A modo de conclusión

Además de los estrenos de esta edición del Festival, cabe mencionar la importancia de los Symposium o charlas en torno al Teatro Musical. Figuras importantes de esta disciplina y de otras que pueden aportar un punto de vista enriquecedor, tales como J.P. Hiekel, D. Mersch, K. Schneider, M. Zeneck, T. Schick o los propios Ott y Tsangaris, pusieron encima de la mesa cuestiones y discusiones sobre el Teatro Musical y que funcionaron como contrapunto a la dimensión práctica del Festival.

Como conclusión, podemos decir que la Biennale de Múnich 2016 ha supuesto una novedad con respecto a pasadas ediciones, y es el estreno de Daniel Ott y Manos Tsangaris como directores artísticos del Festival.

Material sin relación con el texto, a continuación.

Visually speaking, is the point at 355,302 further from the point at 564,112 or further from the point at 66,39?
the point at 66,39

Sus apuestas por creadores jóvenes, por formatos actuales que miran al futuro y por estéticas que ponen sobre la mesa cuestiones tanto del día a día y como de la más profunda trascendencia –el tiempo, la memoria, la relación hombre-tecnología, etc.– son sin duda su sello y a la vez los aciertos de esta edición. Junto a ello, los Symposium que tratan de reflexionar y proporcionar algo más de luz sobre esta disciplina llamada Teatro Musical han sido también una apuesta acertada a pesar de la larga duración e intensidad de algunos de ellos.

Esperemos ver apuestas de la calidad de Anticlock (OmU) y HolyVj#Disgression no.1 y de la belleza poética de Mnemo/scene: Echos en futuras ediciones de la Biennale de Múnich y menos piezas donde domina lo ornamental y en las que un presupuesto altísimo no se ve correspondido con el interés artístico y el contenido musical de algunas performances. Ott y Tsangaris, como hombres de dilatada experiencia en el campo del Teatro Musical, ya estarán trabajando para que el siguiente Festival sea aún más potente.